• _Exercise requirements_
Your task is to copy exactly the lines from the line containing "Gerenoveerde starterswoning - 1" through the end of the listing below, with pictures left out.

• _Entries supplied_
__________________________________________________

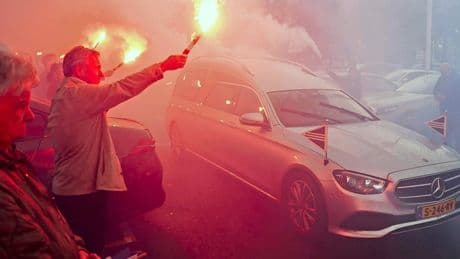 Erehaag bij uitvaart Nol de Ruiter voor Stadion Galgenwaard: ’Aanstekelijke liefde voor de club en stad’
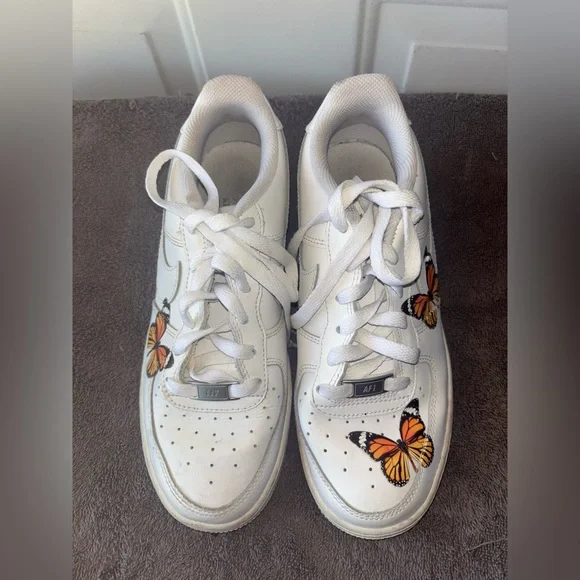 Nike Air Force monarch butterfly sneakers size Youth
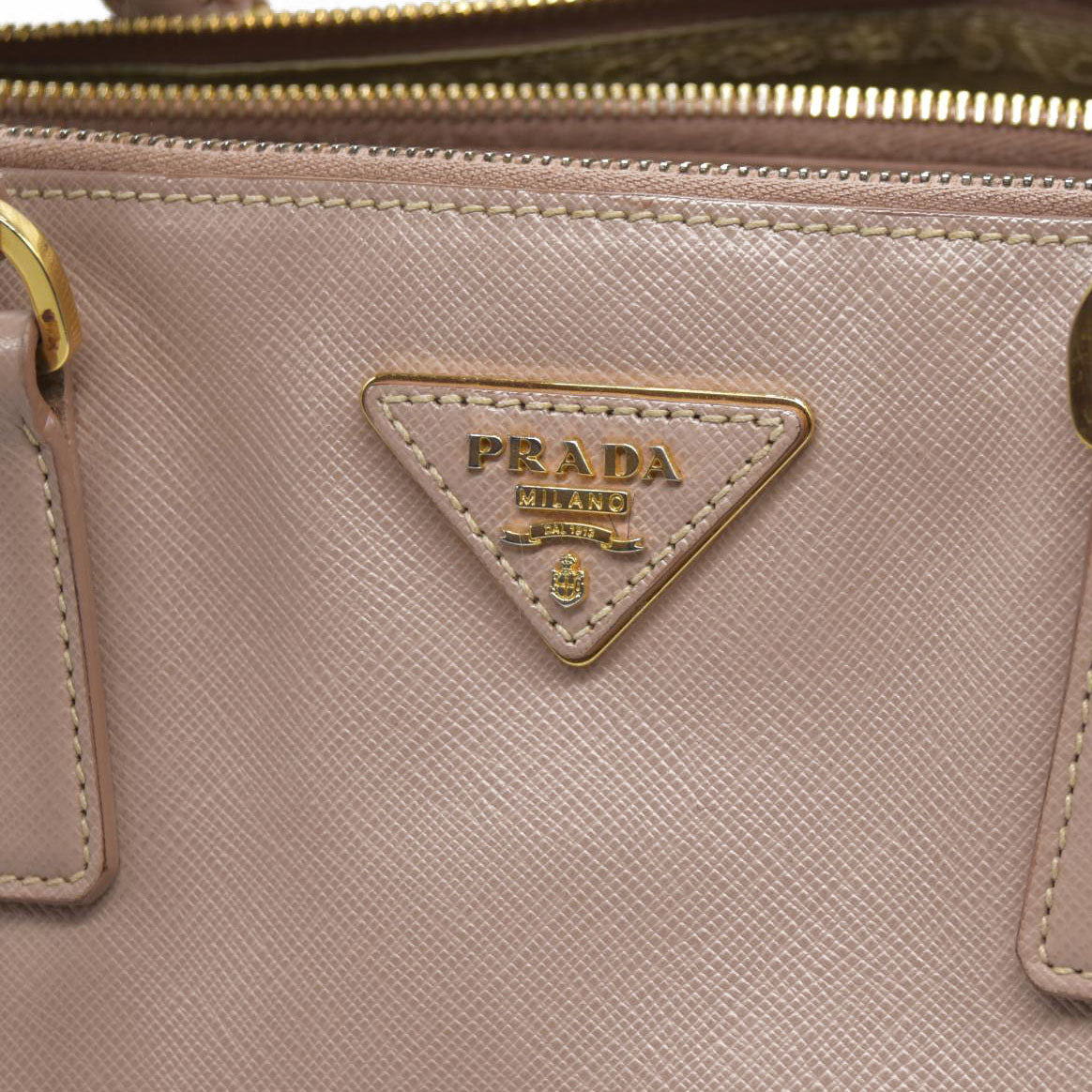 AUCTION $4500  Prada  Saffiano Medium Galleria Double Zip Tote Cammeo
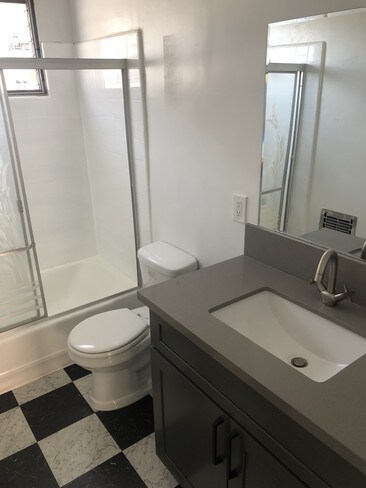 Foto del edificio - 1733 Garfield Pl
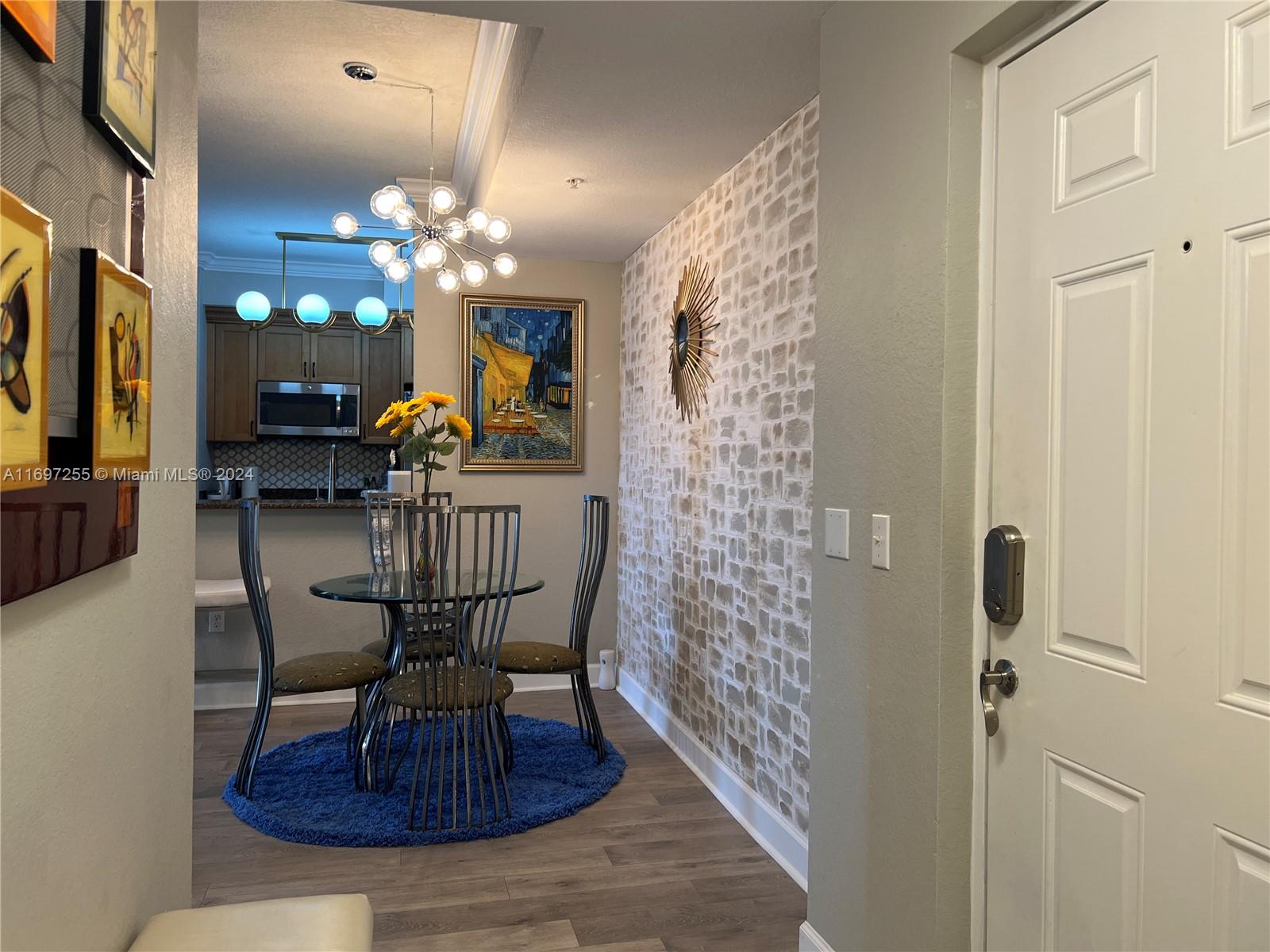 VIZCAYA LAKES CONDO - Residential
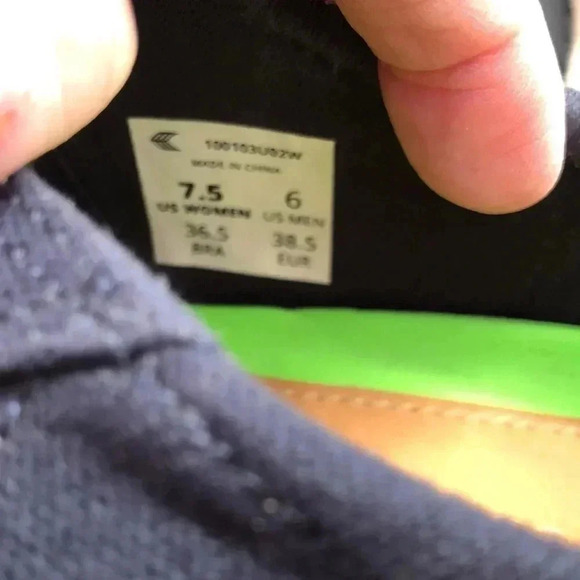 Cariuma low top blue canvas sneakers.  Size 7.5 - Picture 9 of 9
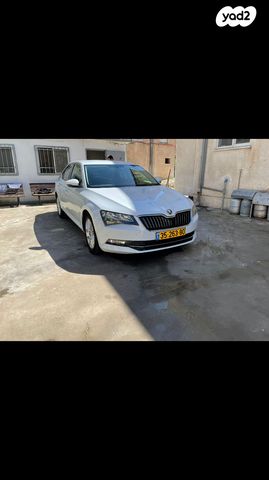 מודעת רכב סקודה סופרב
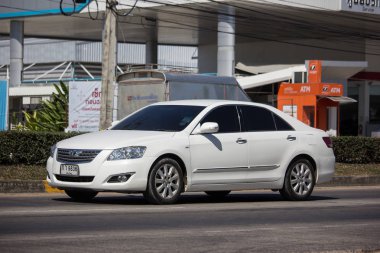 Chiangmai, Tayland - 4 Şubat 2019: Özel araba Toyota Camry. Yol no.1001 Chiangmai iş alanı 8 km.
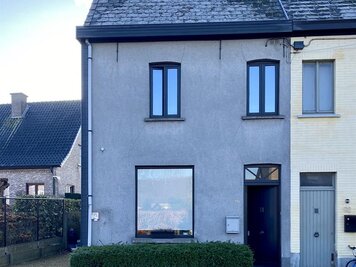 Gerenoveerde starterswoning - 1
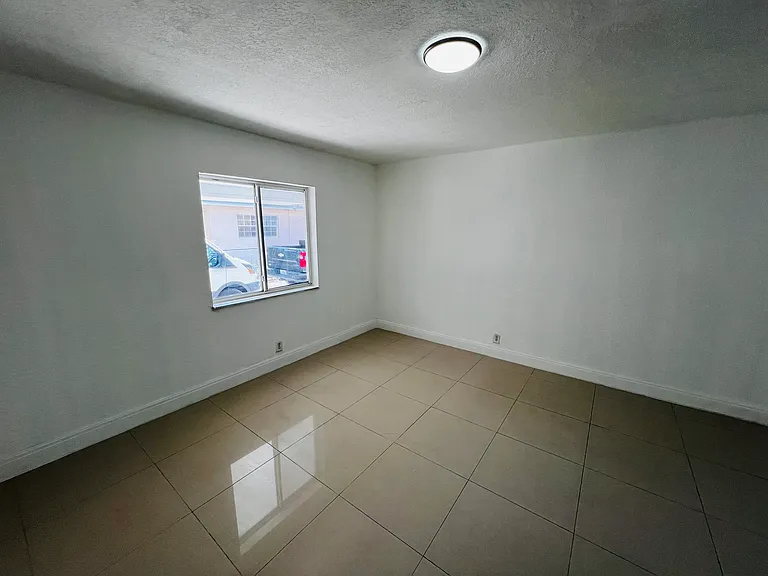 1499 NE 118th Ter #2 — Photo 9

__________________________________________________

• _Solution_
 Gerenoveerde starterswoning - 1
 1499 NE 118th Ter #2 — Photo 9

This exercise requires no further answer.